Ich hoffe, daß das, was ich Ihnen sage und was, ja weniger an die Adresse des Deutschen Bundestages als an die Adresse der Länder gerichtet ist, von den Ländern auch gehört wird, daß es mir hilft, gewisse Schwierigkeiten, die augenblicklich vielleicht für den Monat Juni aufgetaucht sind, überwinden zu können, und daß ich Ihnen, wenn die Ausschußberatungen beginnen, sagen kann, daß trotz der finanziellen Enge, die vielleicht die großen Gesichtspunkte allzu sehr untergehen und nur an die kleineren Gesichtspunkte des Augenblicks denken läßt, wie über den ganzen Gesetzentwurf so auch über diese Übergangsschwierigkeit eine gute Vereinbarung zwischen Bundesregierung und Länderregierungen, zwischen Bundesfinanzminister und Länderfinanzministern gefunden worden ist.

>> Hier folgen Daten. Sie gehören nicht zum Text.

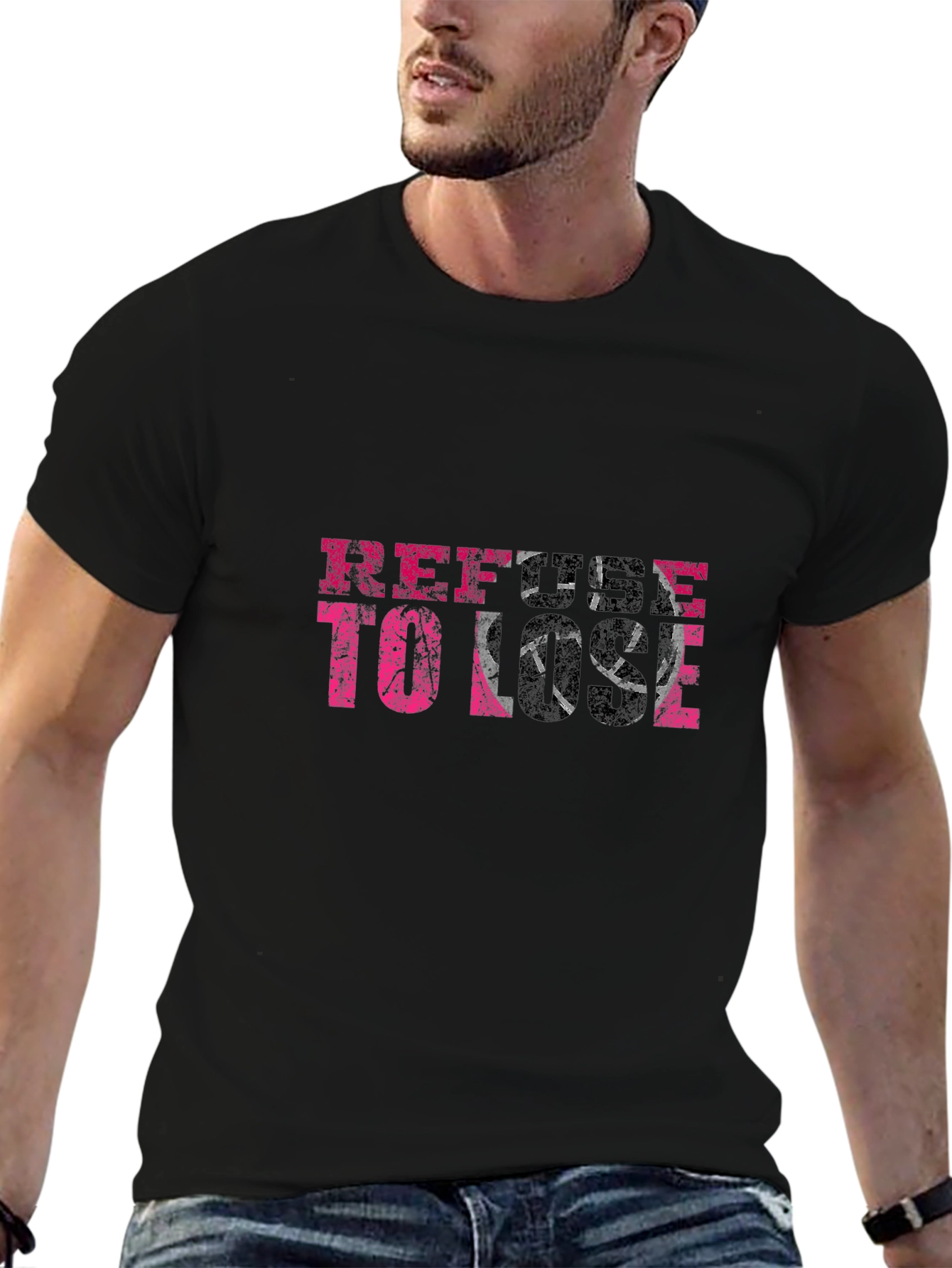 Refuse To Lose Graphic Tee - Black T-Shirt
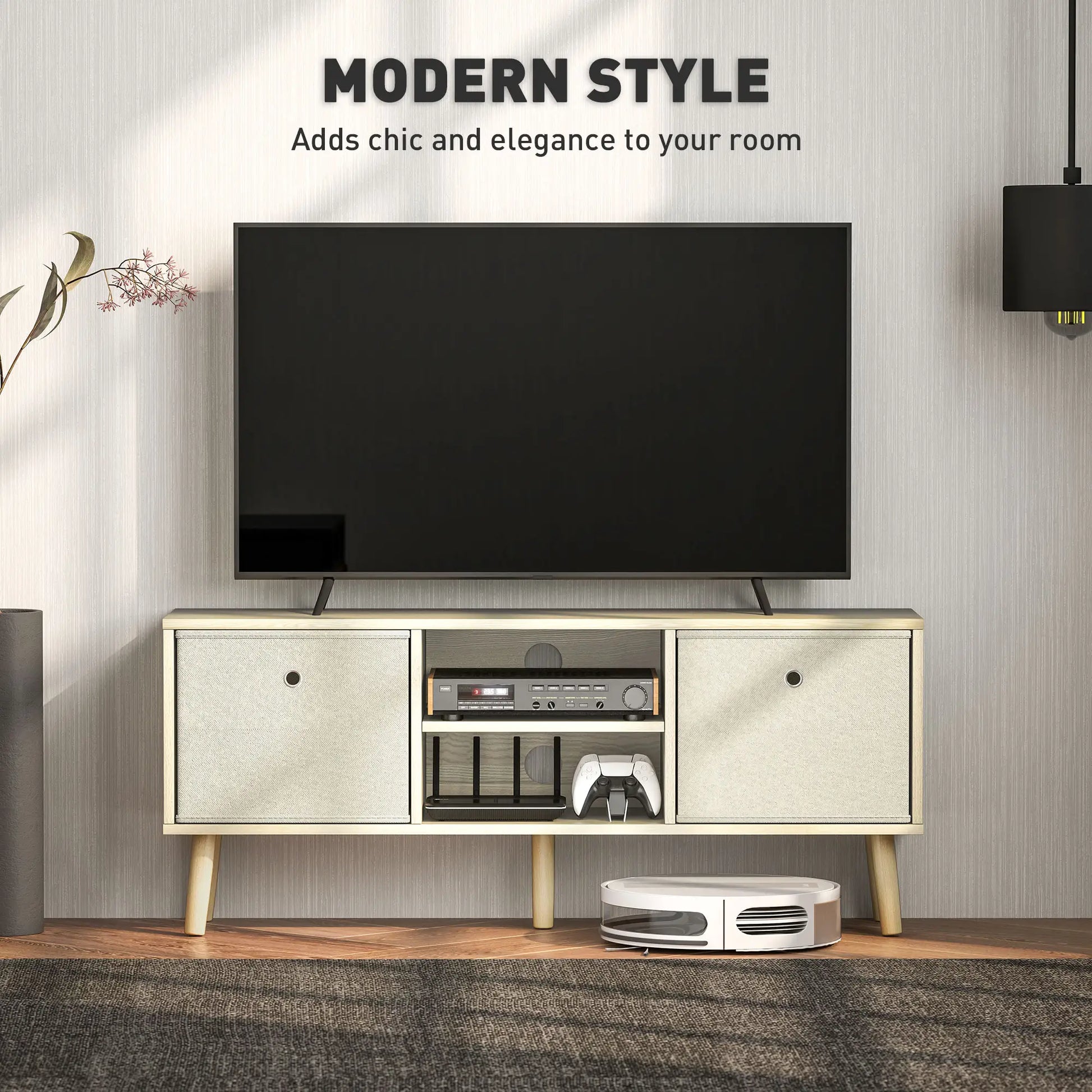 Modern TV Stand, Foldable Drawers, Shelves, Natural TV Stands at Gallery Canada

Zusammenfassend möchte ich sagen: Wenn Bund und Länder vor der deutschen Öffentlichkeit den Beweis erbringen, daß sie die finanzpolitischen Schwierigkeiten im Geist der Zusammenarbeit zu lösen verstehen, so werden das Grundgesetz und der Aufbau der deutschen Bundesrepublik sich bewähren. Ich möchte an die Länder und deren Parlamente wie auch an den Bund und sein Parlament den Appell richten, im Geist dieser Zusammenarbeit dazu beizutragen, daß unser notleidendes und durch viele Probleme zerrissenes deutsches Volk nicht durch neue Probleme, durch Prinzipienstreite in einen Konflikt gestürzt wird. Dadurch würden die Schwierigkeiten für das deutsche Volk nur vergrößert werden.
Dem Sinn dieses Zusammenarbeitens gelten die beiden Gesetzentwürfe, um deren beschleunigte Behandlung ich Sie bitten muß, damit die Übergangsschwierigkeiten auf gesetzlicher Grundlage baldigst behoben werden können.